A mídia-empresa do business anglo-norte-americano comentou a nova lei como escalada nas sanções econômicas dos EUA contra alvos russos, estendidas para além do setor de petróleo e gás. The Wall Street Journal interpretou a lei como tentativa "do governo Trump para alcançar mais pleno controle sobre a política russa". Para The Financial Times, a nova lei deve "apertar ainda mais as sanções já existentes e ameaça ampliar as restrições, de energia e banking, para minérios, mineração, ferrovias e embarque de mercadorias por mar."
O jornal não leu as letras pequenas e mal percebeu as novidades, exceto uma – a ameaça que a lei faz de atacar empresas europeias envolvidas em construir e operar o novo gasoduto russo para a Alemanha, o Ramo Norte II [ing. Nord Stream II].
Como se lê nas seção 232, os EUA proibirão que qualquer empresa "faça o investimento descrito na subseção (b) ou venda, arrende ou alugue à Federação Russa, para a construção de gasodutos para exportação de energia russa [os itens seguintes:] bens, serviços, tecnologia, informação ou apoio descritos na subseção (c) – (1) que tenham justo valor de mercado de $1 milhão ou mais; ou (2) que, durante período de 12 meses, tenham justo valor agregado de mercado de $5 milhões ou mais."

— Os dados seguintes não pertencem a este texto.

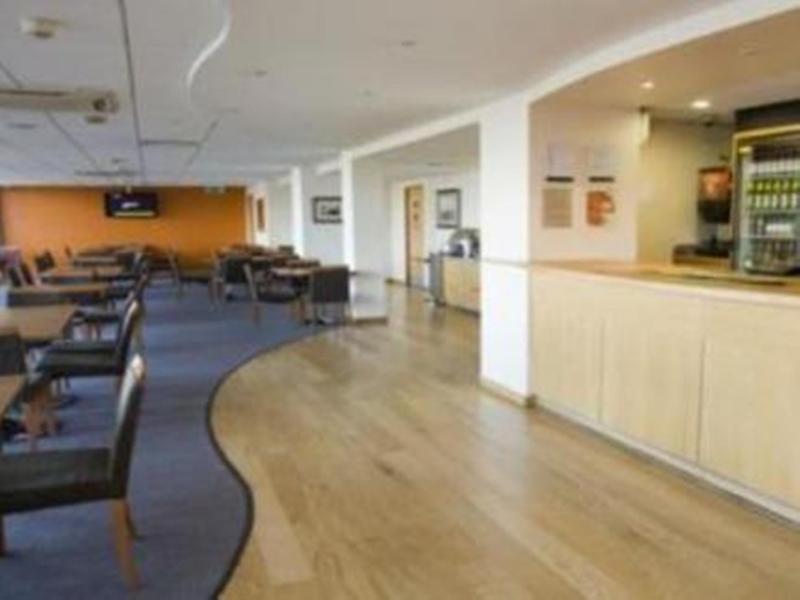Travelodge London City Airport エクステリア 写真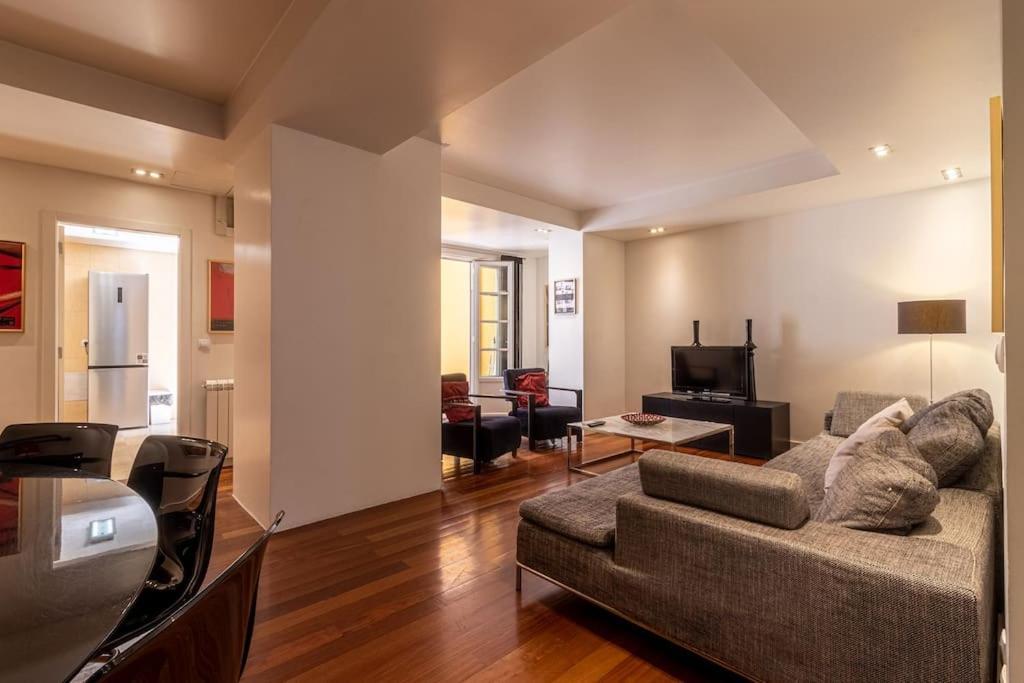 Chiado Deluxe Terrace 3 Bedroom * Lissabon
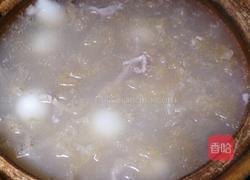 银耳鹌鹑蛋瘦肉汤的做法图解4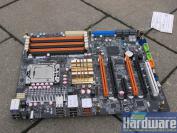 Foxconn Renaissance: X58, sechs Speicherbänke, vier Grafik-Slots. (Bild: PCGH)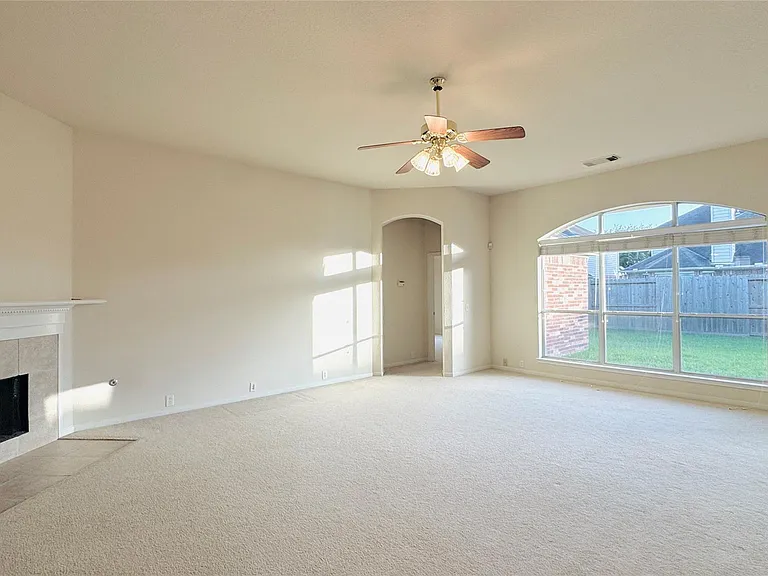 20023 Castlegreen Dr — Photo 6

Na prática, como prossegue o texto da lei, o alvo são todas as exportações russas de energia, incluindo gasodutos submarinos pelo Mar Negro e no Extremo Oriente, embarque de navios tanques, especialmente a empresa de navios tanques para petróleo e gás natural liquefeito, Sovcomflot. A privatização de parte da participação estatal na Sovcomflot, que foi adiada durante anos, foi prometida por funcionários da agência de patrimônio federal para o final do mês de julho corrente.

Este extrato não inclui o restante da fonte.